5. En second lieu, si M. D se prévaut de son mariage avec une ressortissante marocaine titulaire d'une carte de séjour temporaire valable jusqu'en septembre 2025, celui-ci demeure très récent, et il ne justifie pas d'une relation antérieure continue et régulière, même si le couple a eu un enfant né en France en mai 2025. M. D n'apporte par les justificatifs épars et récents qu'il produit aucun élément établissant sa présence sur le territoire depuis une longue durée alors que selon ses déclarations, il est entré en France le 25 avril 2018. Les fiches de paies de son épouse et les témoignages de proches ne démontrent pas non plus que la mesure litigieuse le placerait dans l'impossibilité de reconstituer une cellule familiale dans un autre pays que la France, en particulier le Maroc. Par ailleurs, M. D ne se prévaut d'aucune insertion professionnelle stable et il ne ressort pas des pièces du dossier qu'il aurait constitué des liens d'ordre amical, culturel et social en France, de nature à attester d'une intégration particulière. Dans ces conditions, il n'est pas fondé à soutenir que la décision litigieuse aurait porté, à son droit de mener une vie privée et familiale normale protégé par l'article 8 de la convention européenne de sauvegarde des droits de l'homme et des libertés fondamentales, une atteinte disproportionnée aux buts d'intérêt général dans lesquels elle a été prise. Pour les mêmes motifs, il n'est fondé à soutenir ni que la décision porterait une atteinte grave et manifestement illégale à l'intérêt supérieur de l'enfant, protégé par l'article 3-1 de la convention internationale des droits de l'enfant, ni qu'elle serait entachée d'une erreur manifeste d'appréciation quant aux conséquences sur sa situation personnelle.
En ce qui concerne la décision portant refus d'accorder un départ volontaire :
6. M. D n'est pas fondé à soutenir que la décision portant refus d'accorder un départ volontaire aurait été prise sur le fondement d'une obligation de quitter le territoire français qui serait illégale, les moyens dirigés contre cette décision étant tous écartés.

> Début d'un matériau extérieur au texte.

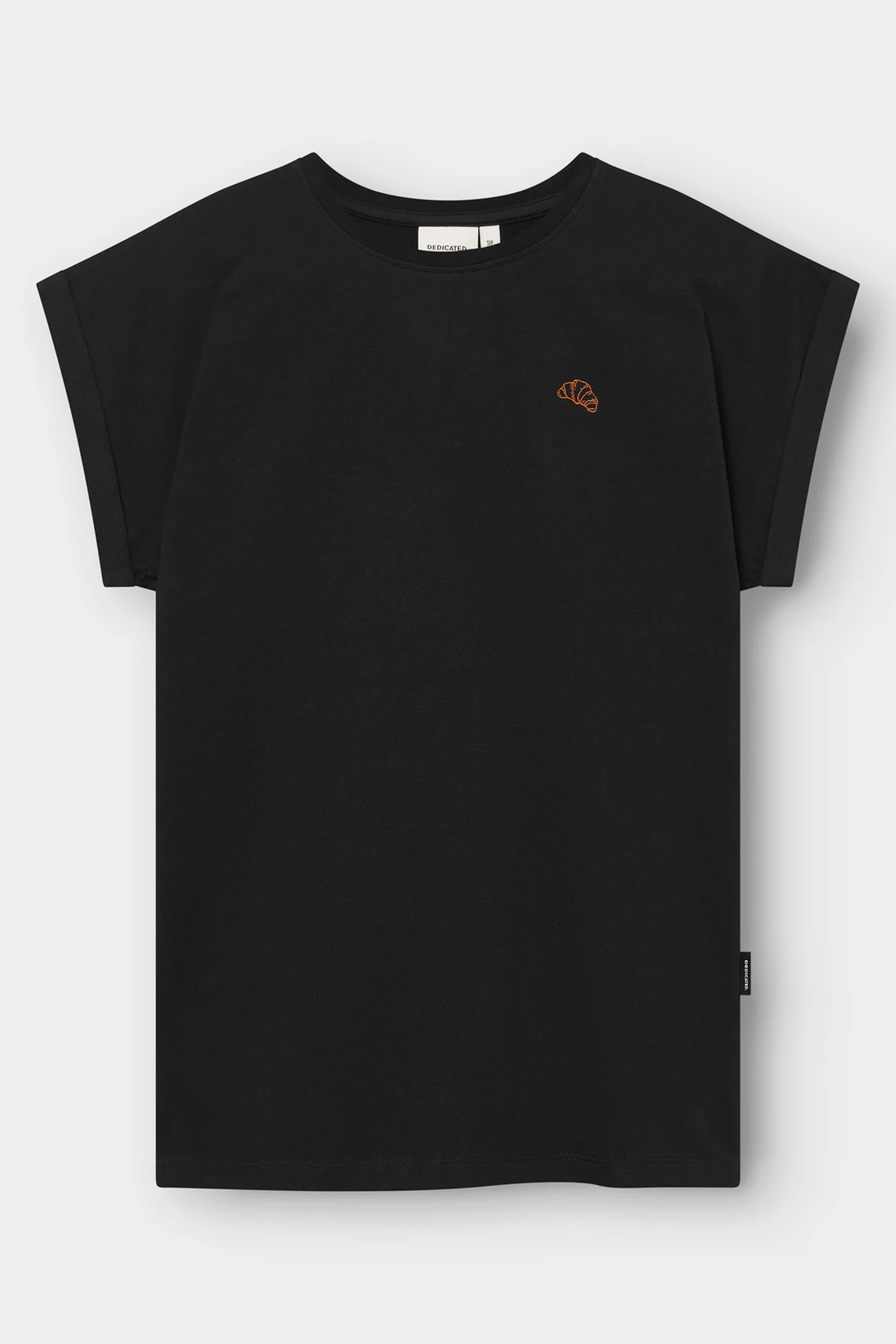 Dedicated Visby Croissant Emb Black 3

En ce qui concerne l'interdiction de retour sur le territoire français d'une durée d'un an :
7. Aux termes de l'article L. 612-6 du code de l'entrée et du séjour des étrangers et du droit d'asile : " Lorsqu'aucun délai de départ volontaire n'a été accordé à l'étranger, l'autorité administrative assortit la décision portant obligation de quitter le territoire français d'une interdiction de retour sur le territoire français. Des circonstances humanitaires peuvent toutefois justifier que l'autorité administrative n'édicte pas d'interdiction de retour. / Les effets de cette interdiction cessent à l'expiration d'une durée, fixée par l'autorité administrative, qui ne peut excéder cinq ans à compter de l'exécution de l'obligation de quitter le territoire français, et dix ans en cas de menace grave pour l'ordre public ".
8. En premier lieu, M. D n'est pas fondé à soutenir que l'interdiction de retour sur le territoire français aurait été prise sur le fondement d'une obligation de quitter le territoire français qui serait illégale, les moyens dirigés contre cette décision étant tous écartés.

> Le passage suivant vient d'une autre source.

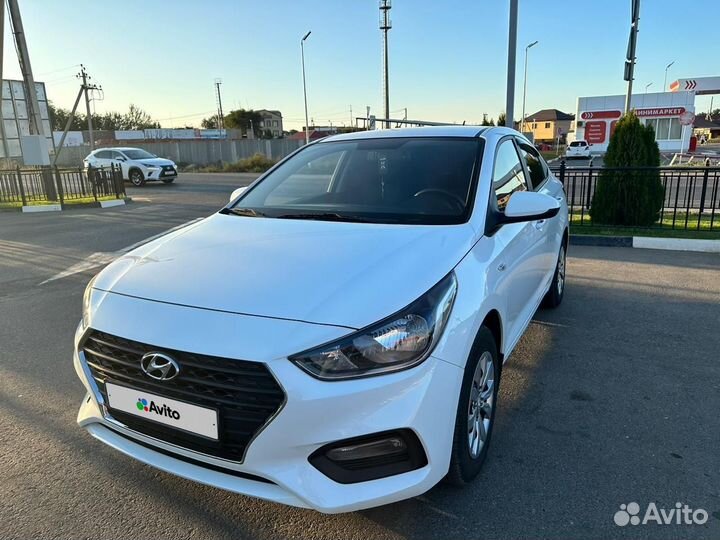 Hyundai Solaris, 2019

9. En second lieu, M. D soutient que, pour " les mêmes raisons que celles soulevées à l'encontre de l'obligation de quitter le territoire français ", l'interdiction de retour sur le territoire français méconnaît l'article 8 de la convention européenne de sauvegarde des droits de l'homme et des libertés fondamentales et est entachée d'une erreur manifeste d'appréciation quant aux conséquences sur sa situation personnelle. Ces moyens peuvent être ainsi écartés au regard du point 5 du présent jugement.
10. Il résulte de tout ce qui précède que M. D n'est pas fondé à demander l'annulation de la décision portant obligation de quitter le territoire français et des décisions afférentes.
Sur les conclusions tendant à l'annulation de l'assignation à résidence d'une durée de quarante-cinq jours :
11. En application du 1° de l'article L. 731-1 du code de l'entrée et du séjour des étrangers et du droit d'asile, l'autorité administrative peut assigner à résidence l'étranger qui ne peut quitter immédiatement le territoire français mais dont l'éloignement demeure une perspective raisonnable, faisant l'objet d'une décision portant obligation de quitter le territoire français, prise moins de trois ans auparavant, pour laquelle le délai de départ volontaire n'a pas été accordé. L'article L. 732-3 du même code précise que cette assignation à résidence ne peut excéder une durée de quarante-cinq jours. Aux termes de l'article L. 733-1 du même code : " L'étranger assigné à résidence en application du présent titre se présente périodiquement aux services de police ou aux unités de gendarmerie. () ". Aux termes de l'article L. 733-2 du même code : " L'autorité administrative peut, aux fins de préparation du départ de l'étranger, lui désigner, en tenant compte des impératifs de la vie privée et familiale, une plage horaire pendant laquelle il demeure dans les locaux où il réside, dans la limite de trois heures consécutives par période de vingt-quatre heures. () ".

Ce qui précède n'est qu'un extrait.